Greens from the Garden is an album by the American musician Corey Harris, released in 1999. The album title was inspired by a Buddy Guy comment about Harris's country blues. Harris considered the album to be roots music. "Wild West", about gun violence, was released as a single. Harris supported the album with North American and Australian tours.

==Production==
Greens from the Garden was produced by Harris, although Alligator Records asked him to remix it with an outside producer. It is a concept album, likening the vegetables that go into a pot of greens to various Black musical styles. The album contains spoken interludes in which Harris and his family reflect on the cultural role of land and nourishment. Henry Butler played piano on two tracks. Members of the Dirty Dozen Brass Band backed Harris on "Congo Square Rag". "Teabag Blues" is an outtake from the Mermaid Avenue recording sessions to which Harris contributed; the lyrics are by Woody Guthrie and the harmony vocals are provided by Billy Bragg. "Eh la Bas" and "Pas Parlez" are sung in French. "Nola Rag" is about Harris's days busking in New Orleans. The version of the traditional "Just a Closer Walk with Thee" is played in a reggae style. "Sweet Black Angel" is a version of the Lucille Bogan song.

==Critical reception==

The Independent called Harris "one of the young, black neo-country-blues stylists currently attempting to wrest the form back from the straitjacketing notions of technical dexterity imposed upon it by a generation of white guitar-heroes." The Washington Post opined that "like Taj Mahal, a kindred spirit, Harris possesses a voice and personality that are hard to resist no matter what the tune or setting." The Edmonton Journal wrote that "Harris's superb solo feature on National steel and vocal, 'Sweet Black Angel', has a hint of underlying fun, and he matches it every step of the way with confident picking."

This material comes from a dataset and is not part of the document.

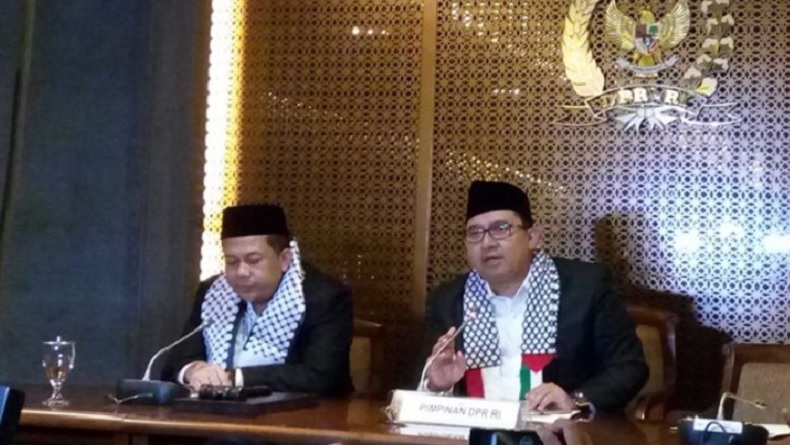 Jokowi Akan Sematkan Bintang Tanda Jasa kepada Fadli Zon dan Fahri Hamzah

The Des Moines Register said that Harris "has echoed prewar acoustic blues better than anyone in recent years, and his raw talent grounds the album." Newsday stated that Harris "combines New Orleans stomp with country-flavored fingerpicking, Caribbean rhythms and ragtime." The Morning Call and Nashville Scene included Greens from the Garden on their lists of the best albums of 1999. The Tampa Tribune noted that "this has to be the most impressive blues release of the year."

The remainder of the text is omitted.